Si vous voulez avoir la vie, il faut mourir à chaque instant pour elle. La vie et la mort ne sont que deux expressions d’une même chose vue sous des angles différents : c’est la chute et l’élévation de la même vague, et les deux ne font qu’un seul tout.
Nous voulons adorer un Dieu vivant. Toute ma vie, je n’ai vu que Dieu ; et toi non plus, tu n’as pas vu autre chose… Il est partout, disant : « Je suis. » Le moment où tu ressens « Je suis », tu prends conscience de l’Existence. Où irons-nous chercher Dieu si nous ne pouvons pas Le voir dans nos propres cœurs et dans chaque être vivant ?
Deux tentatives ont été faites dans le monde pour fonder la vie sociale : l’une reposait sur la religion, l’autre sur la nécessité sociale. La première reposait sur la spiritualité ; la seconde sur le matérialisme. La première sur le transcendantalisme ; la seconde sur le réalisme.
La force, la force, voilà ce que nous voulons tant dans cette vie : car ce que nous appelons le péché et la douleur ont une seule cause — notre faiblesse. De la faiblesse vient l’ignorance, et de l’ignorance vient la misère.
La plus grande aide à la vie spirituelle, c’est la méditation.
Travaillez, mes enfants, travaillez de tout votre cœur et de toute votre âme ! Voilà l’essentiel. Ne cherchez pas le fruit du travail. Et si vous allez en enfer en travaillant pour les autres ? Cela vaut plus que de gagner le ciel en cherchant votre propre salut… Sri Ramakrishna est venu et a donné sa vie pour le monde. Moi aussi, je sacrifierai ma vie.
Dieu doit être adoré comme le Bien-Aimé unique, plus cher que tout, dans cette vie comme dans la suivante.

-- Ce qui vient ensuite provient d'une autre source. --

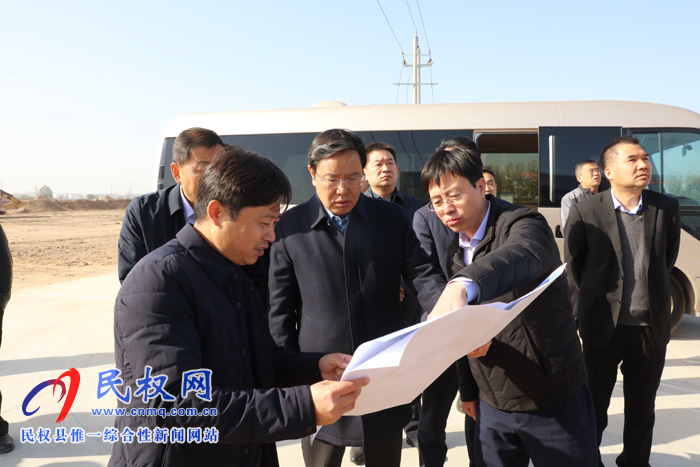 市人大常委會副主任、縣委書記姬脈常調(diào)研我縣部分重點民生工程建設和管理情況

Si la religion et la vie dépendent de livres, ou de l’existence de n’importe quel prophète, alors que périssent toute religion et tous les livres ! La religion est en nous. Aucun livre ni aucun maître ne peut faire plus que nous aider à la trouver ; et même sans eux, nous pouvons obtenir toute la vérité en nous. Vous avez de la gratitude pour les livres et les maîtres, sans être lié à eux ; et adorez votre Gourou comme Dieu, mais ne lui obéissez pas aveuglément ; aimez-le autant que vous voudrez, mais pensez par vous-même. Aucune croyance aveugle ne peut vous sauver : élaborez votre propre salut. N’ayez qu’une seule idée de Dieu : qu’Il est une aide éternelle.

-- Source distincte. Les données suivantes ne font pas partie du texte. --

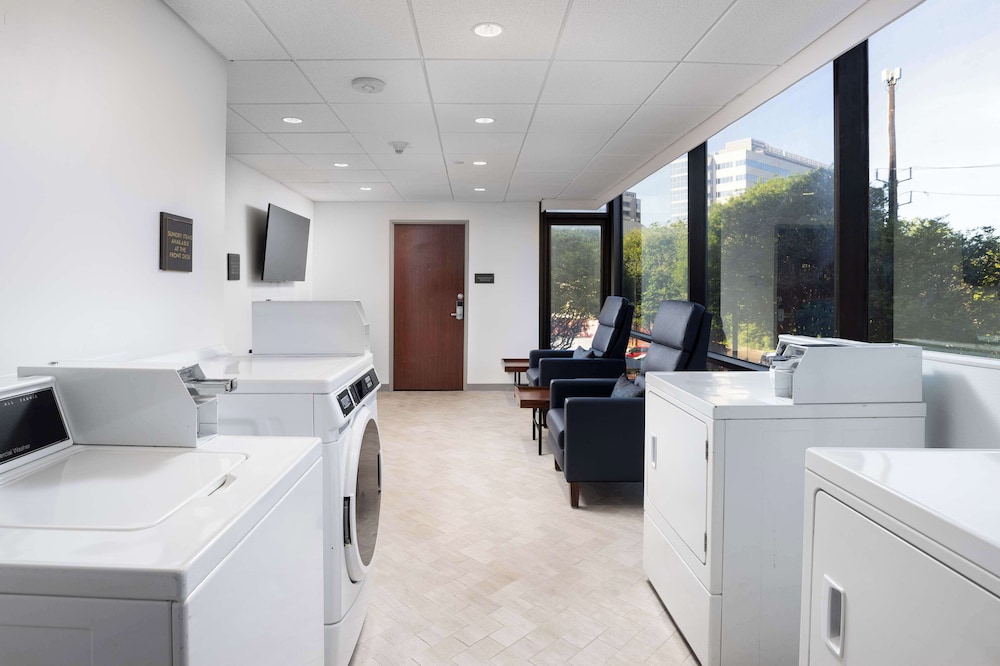 DoubleTree by Hilton Houston Medical Center Hotel & Suites - photo 51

Ceux qui se plaignent de la petite chose qui leur est échue à faire se plaindront de tout. Toujours en train de se plaindre, ils mèneront une vie misérable, et tout échouera. Mais ceux qui accomplissent leurs devoirs au fur et à mesure, en mettant l’épaule à la roue, verront la lumière, et des devoirs plus élevés tomberont dans leur part.
N’oublie pas que ton mariage, ta richesse, ta vie ne sont pas pour le plaisir des sens ; ils ne sont pas pour ton bonheur personnel et individuel.

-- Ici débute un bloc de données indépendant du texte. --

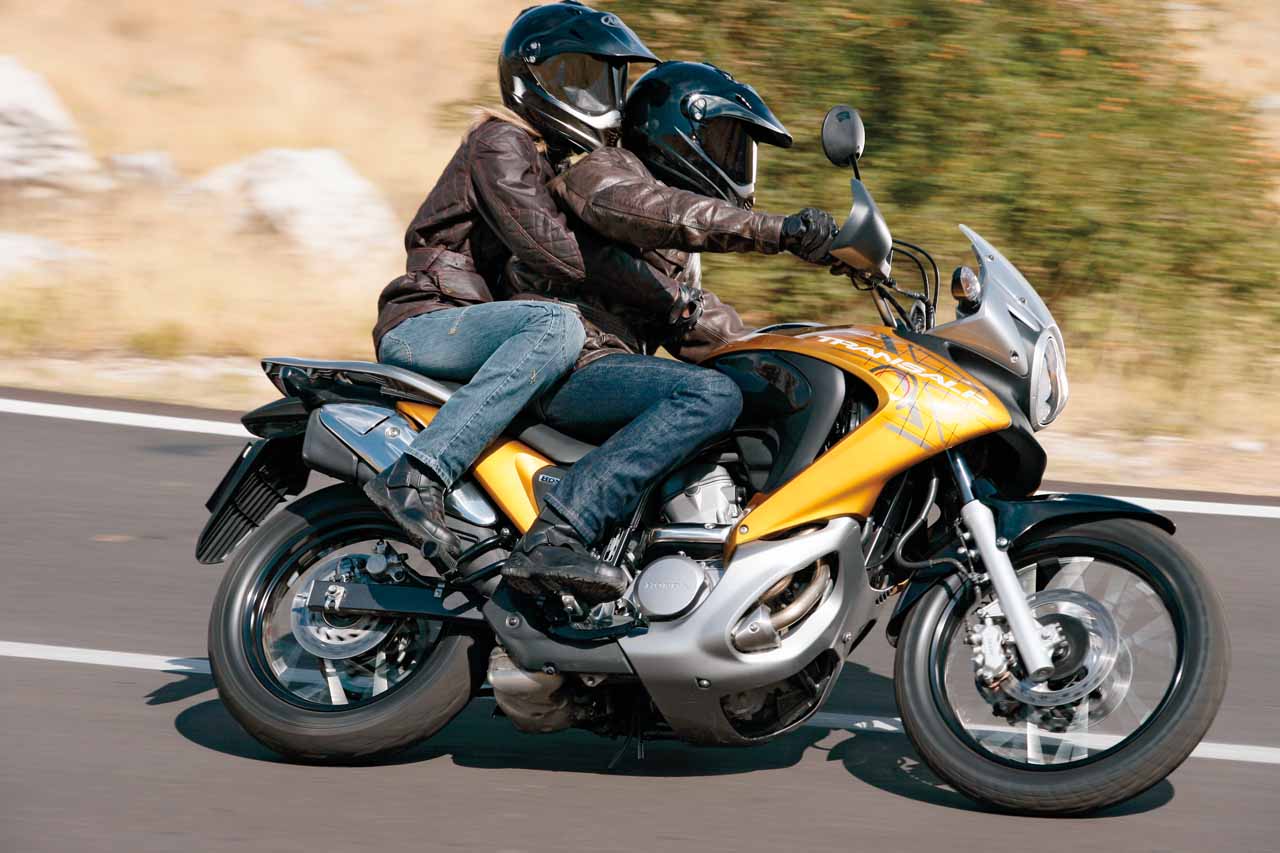 BIKES WALLPAPERS: Honda transalp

Le signe de la vigueur, le signe de la vie, le signe de l’espoir, le signe de la santé, le signe de tout ce qui est bon, c’est la force. Tant que le corps vit, il doit y avoir de la force dans le corps, de la force dans l’esprit, [et de la force] dans la main.
Voici le principe de la Fraternité universelle des hommes entre eux, avec toute la vie — jusqu’aux petites fourmis.